Das Internet folgt der Philosophie des Gebens und Nehmens, die aus Laniers Sicht neben einer sehr hellen nun mal auch eine tiefdunkle Seite hat. Netznutzer bekämen Zugriff auf nützliche, kostenlose Dienste, müssten dafür aber mit der härtesten Währung zahlen, die sie haben: mit ihren Daten.

"Du bist nicht der Kunde der Internetkonzerne. Du bist ihr Produkt", schreibt Lanier, und erinnert damit zugleich noch einmal an seine schon im Vorgängerbuch von 2010 („You are not a gadget“; deutsch: "Warum die Zukunft uns noch braucht", Suhrkamp) so leidenschaftlich formulierte These: Dass die Kostenloskultur im Netz für die Masse der Menschen direkt in die Armut führt. Lanier schlägt nun vor, eine humanistische Informationsökonomie zu entwickeln – eine, die den Netznutzern kommerzielle Rechte an ihren Daten zugesteht und sie für alle ihre vielen Datenschnipsel, die sie hinterlassen, anteilig über ein universelles Micropayment-System entlohnt. (In diesem System würde Facebook, zum Beispiel, einem Nutzer dann kleine Zahlungen zukommen lassen, wenn Daten, die mittels Algorithmen von ihm abgeleitet wurden, dazu genutzt werden, jemand dazu zu bringen, Produkt X beim Unternehmen Y zu kaufen.)

"Der Wert der persönlichen Informationen lässt sich nur schwer messen"

Ob solche Szenarien Realität werden, ist eine der zentralen Fragen, die sich beim Lesen von Laniers „spekulativer Streitschrift“ (Lanier über Lanier) auf fast jeder Seite stellt – weil er sich in diesem Punkt ebenfalls nicht ganz sicher ist. "Der Wert der persönlichen Informationen lässt sich nur schwer messen, weil unsere derzeitigen Praktiken daraus entstanden sind, diesen Wert zu unterdrücken", meint er.
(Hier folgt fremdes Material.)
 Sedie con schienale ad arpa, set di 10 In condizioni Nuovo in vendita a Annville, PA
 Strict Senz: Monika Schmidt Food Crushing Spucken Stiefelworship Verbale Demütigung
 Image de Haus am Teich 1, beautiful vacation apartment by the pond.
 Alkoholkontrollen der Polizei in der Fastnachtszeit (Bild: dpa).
Doch immerhin: Es gibt Ansätze.

Lanier selbst berichtet im Nachwort, das er für die ein halbes Jahr nach dem Hardcover erschienenen US-Taschenbuchausgabe verfasste, über erste, rein theoretische Versuche, persönliche Daten zu messen. Außerdem sind wohl – der „Brandeins“ zufolge (März 2014) – zumindest in Übersee längst Firmen entstanden, die tatsächlich mit Daten handeln. „Hat Rückenschmerzen“ bringt demnach 0,26 Dollar, "ist frisch verlobt" 0,12 Dollar.
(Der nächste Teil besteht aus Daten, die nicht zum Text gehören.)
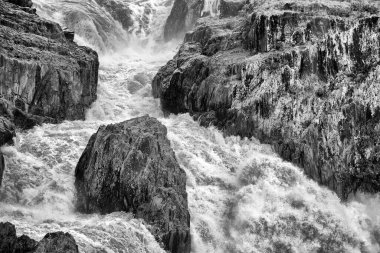 Kuranda, FNQ, Avustralya yakınlarındaki muhteşem Barron Şelaleleri yağmur mevsiminde tam akış halindedir. Bereketli yağmur ormanlarıyla çevrili su çağlayanı hayret verici ve dramatik doğal bir manzara yaratıyor.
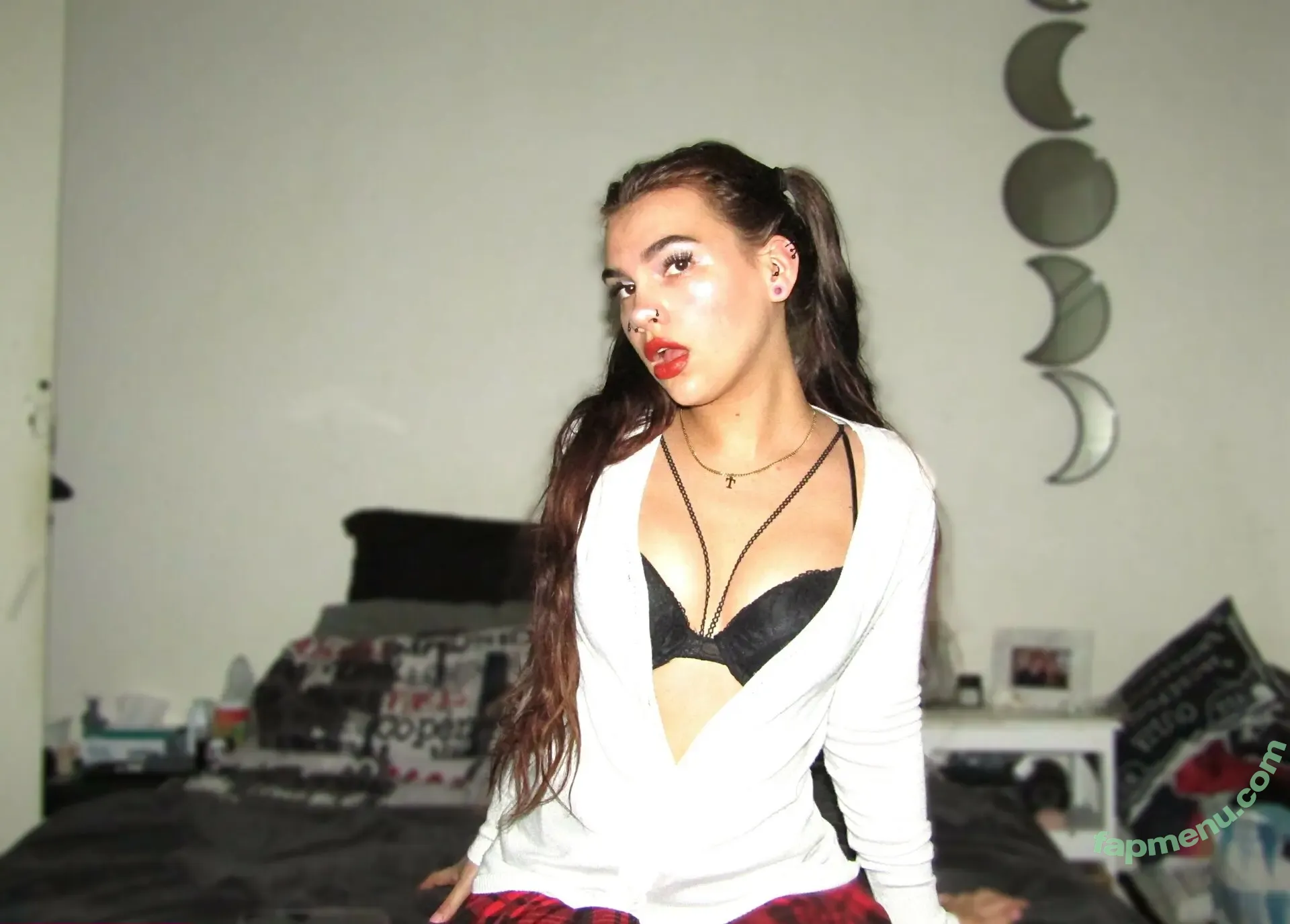 Lilbabybatsy nude photo #0168 (cinnamonspicexoxo)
"Ein Buch ist kein bloßes Objekt"    

Eines der letzten Kapitel widmet Lanier den ”Bücherschicksalen“ - betont aber gleich,dass er mit den üblichen Grabenkämpfen zwischen Print-Gläubigern und E-Book-Jüngern wenig anfangen kann. "Mich stört nicht, dass ein Buch auf einem elektronischen Tablet statt auf Papier gelesen wird", sagt er. "Was mich stört, sind die damit einhergehenden wirtschaftlichen und politischen Folgen – und das veränderte Zeitgefühl."
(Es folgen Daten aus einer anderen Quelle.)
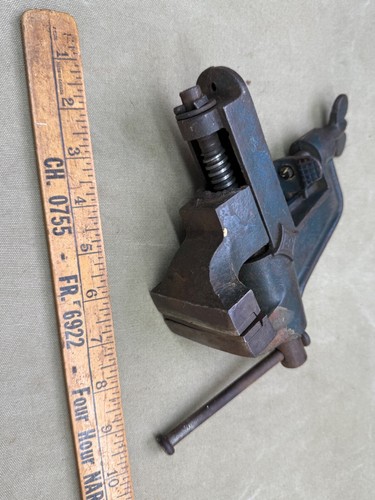 PLUMBERS ANTIQUE PIPE VICE (Ht 9") - Picture 3 of 7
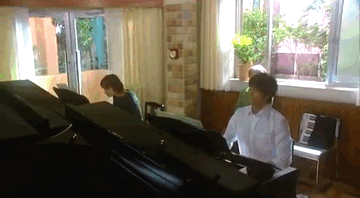 Nodame & Chiaki playing Mozart’s sonata for two pianoin the drama (episode 1) and in the l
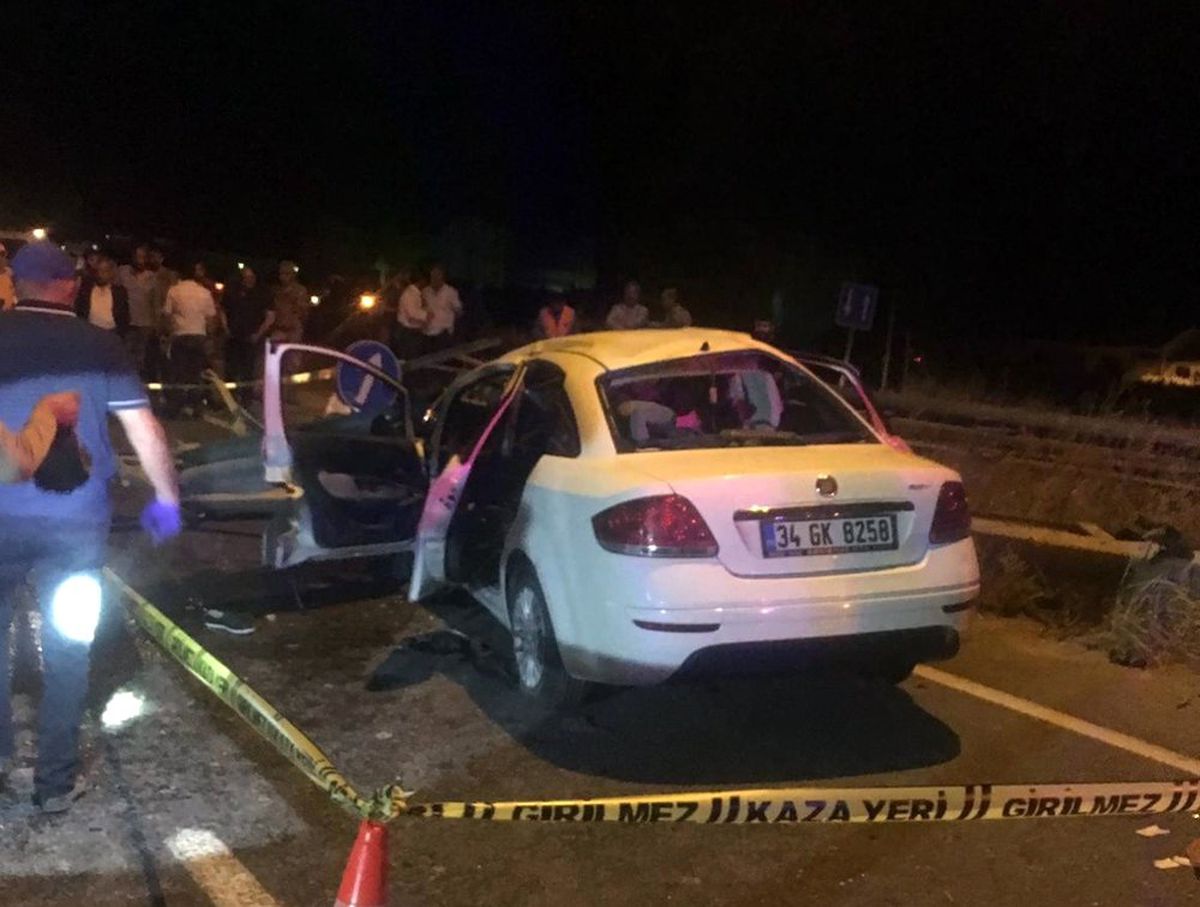 Şanlıurfa\'da trafik kazası: 1 ölü, 2 yaralı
An die Buchbranche appelliert er, das Kind nicht mit dem Bade auszuschütten, sich also den Konzepten, wie sie Jeff Bezos (Amazon) und Eric Schmidt (Google) formulieren, nicht einfach hinzugeben. Sein Argument: "Ein Buch ist kein bloßes Objekt, sondern vollgültiger Ausdruck eines Individuums im Fluss der Menschheitsgeschichte." Allein deshalb müsse das Wirtschaftsmodell unserer Netzwerke optimiert werden – "um diese indiviuelle Ausdrucksmöglichkeit zu bewahren, oder es wird der Menschheit nicht dienlich sein."

Jaron Lanier: Wem gehört die Zukunft? Übersetzt von Heike Schlatterer und Dagmar Mallett. Hoffmann und Campe 2014, 480 S., 19,99 Euro.